Sunday 4 August 2013

Teenage Dreams

I had one of those awful revelations yesterday. You know the ones, where you realise something that completely screws with your head and may possibly shock you into some sort of action? I have exactly five months left of being a teenager. This could explain my recent hobby of dying my hair fluorescent colours รก la Avril Lavigne.
Ever since I turned eighteen and was able to legally able to drink, smoke, get married and watch Kill Bill I have been having a pre-midlife crisis. The constant anxiety that I should know what to do with my life by now and be achieving something or other is somewhat terrifying. 
Then there is the feeling I haven't been making enough of my teenage years. Sure, I had the classic sneaking into the house drunk/failing tests/losing my virginity/school fights moments, but where were the adventures? I smoked a few times when in my school uniform, but only when far away from the eyes of any teachers. The only times I ditched school was in sixth year, and that was to go to the library and study. I feel I have failed at being a teenager, but I have the next five months to rectify that. So I started thinking about events that would mimic  my favourite teen movies...
  1. Spend the day adventuring when I should be in school college.
  2. Serenade someone/be serenaded.
  3. Make friends with a group of misfits in an unlikely setting.
  4. Spread scandal about myself.
  5. Plot to overthrow the popular girls.

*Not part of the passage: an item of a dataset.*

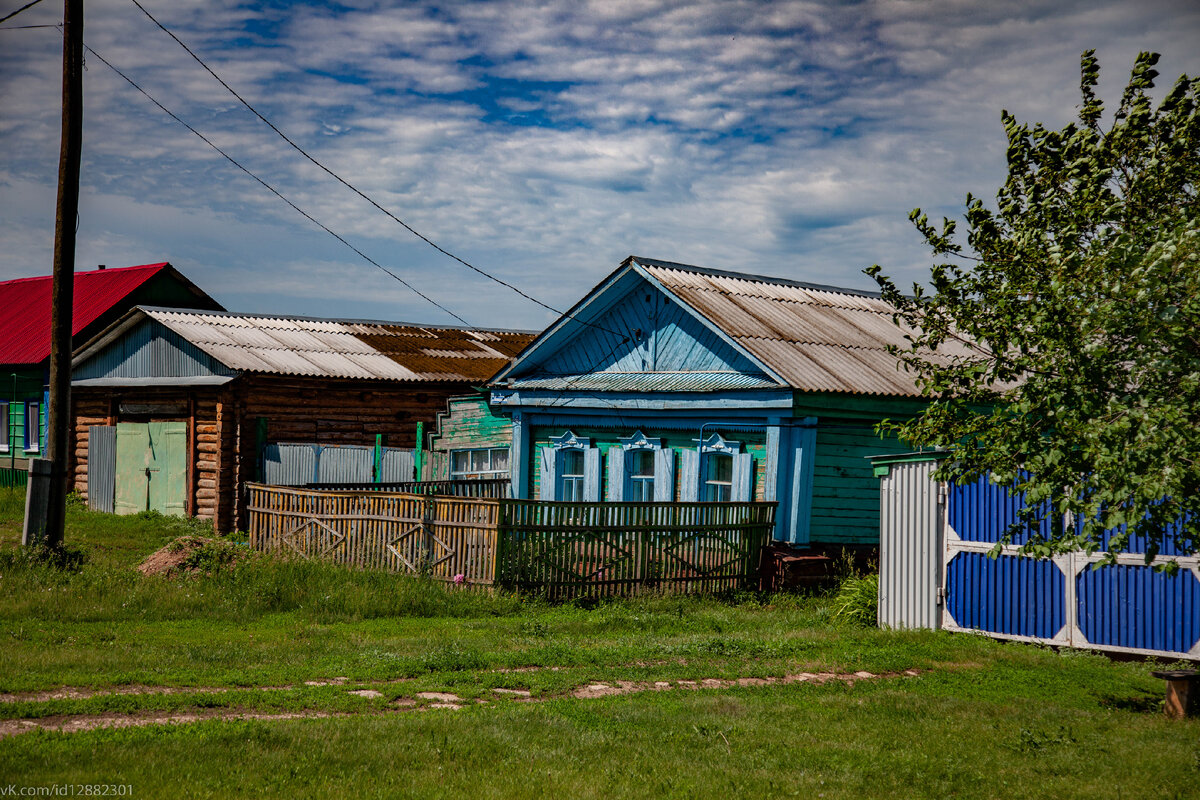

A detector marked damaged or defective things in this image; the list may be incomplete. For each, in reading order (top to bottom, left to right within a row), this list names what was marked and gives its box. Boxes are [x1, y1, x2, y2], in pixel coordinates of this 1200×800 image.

rusty metal roof [127, 309, 535, 383]
rusty metal roof [628, 257, 955, 398]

The problem is, those seem like awful life plans. Ditching college is fairly easy, bringing about serenading is tricky, EVERYONE MY AGE IS A MISFIT, spreading scandal is fairly silly. Does college even have popular girls?
Really, all these films are about self-discovery and finding love and acceptance and blah blah blah. So possibly I should continue being a bit of a mess and not knowing what to do with my life and dying my hair ridiculous colours and worry about life once I'm twenty?

Friday 2 August 2013

The Importance of Getting Away

When life gets crazy, sometimes all you can do is run away. Which is exactly what I did this week; with the help of my best friend, a Groupon voucher and a bottle of Jack Daniels. The trip had been planned (if you can call deciding that the deal for a hotel in Donegal was too good to pass up, and we therefore needed to call to Donegal planned), but happened to coincide with a need to get away from everyone and my various dramas.
Getting away from where you're used to is one of the most important things you can do, in my opinion. Wondering around a village where no one knows you and shamelessly taking photo after photo and being away from everyone you know and just reveling in being somewhere unfamiliar is a drug to someone with such a severe case of wanderlust as me. Part of it is to do with the fact that all the people you meet can define you by is the fact you are not from there, giving you a certain sense of freedom to be completely yourself.

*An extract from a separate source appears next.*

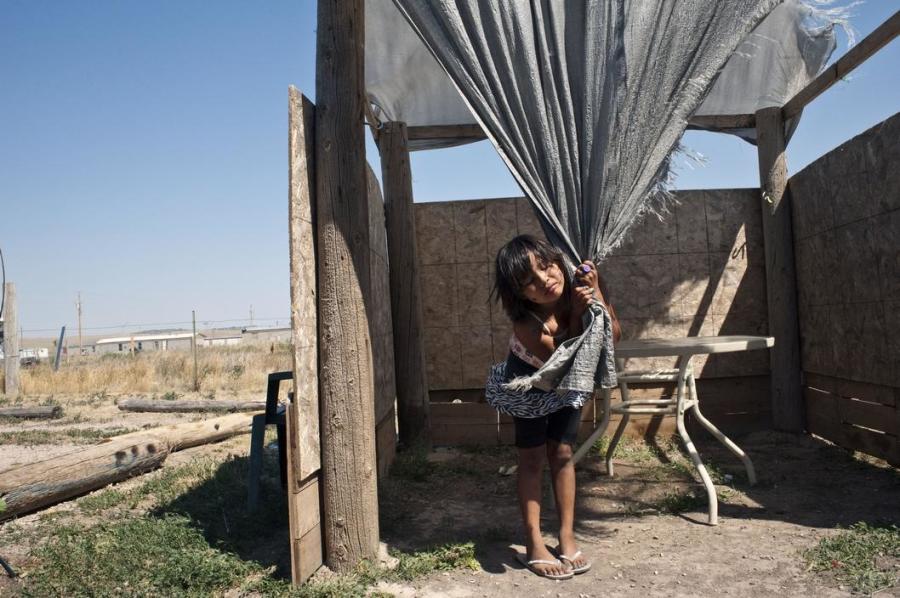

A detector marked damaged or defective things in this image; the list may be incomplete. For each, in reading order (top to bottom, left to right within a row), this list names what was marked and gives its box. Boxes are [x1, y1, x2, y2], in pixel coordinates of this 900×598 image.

gray tattered curtain [390, 0, 784, 262]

Rural Ireland is like nowhere else. The fact that everyone says hello is disconcerting. The air really is cleaner. You find yourself squealing over sheep and cottages and imagining that you're in a Discover Ireland ad. Your resentment at American tourists and their image of Ireland as a tiny backward country dissipates because you are standing in postcard scenery. You love being here where there's no cinema or pressures for fashion or night clubs, but you know you could never live here. You're getting drunk in your hotel room, but you know anyone else your age who lives here is just waiting to get out. 
Turns out we were in the gluten-free haven of the world
Casual shrine.




I am a shameless tourist, yes.

The point of the bus journey where I had no idea where in the world we were.




I was really excited to be near sheep.


Donegal is fierce pretty.

I couldn't resist the photo op this cottage presented.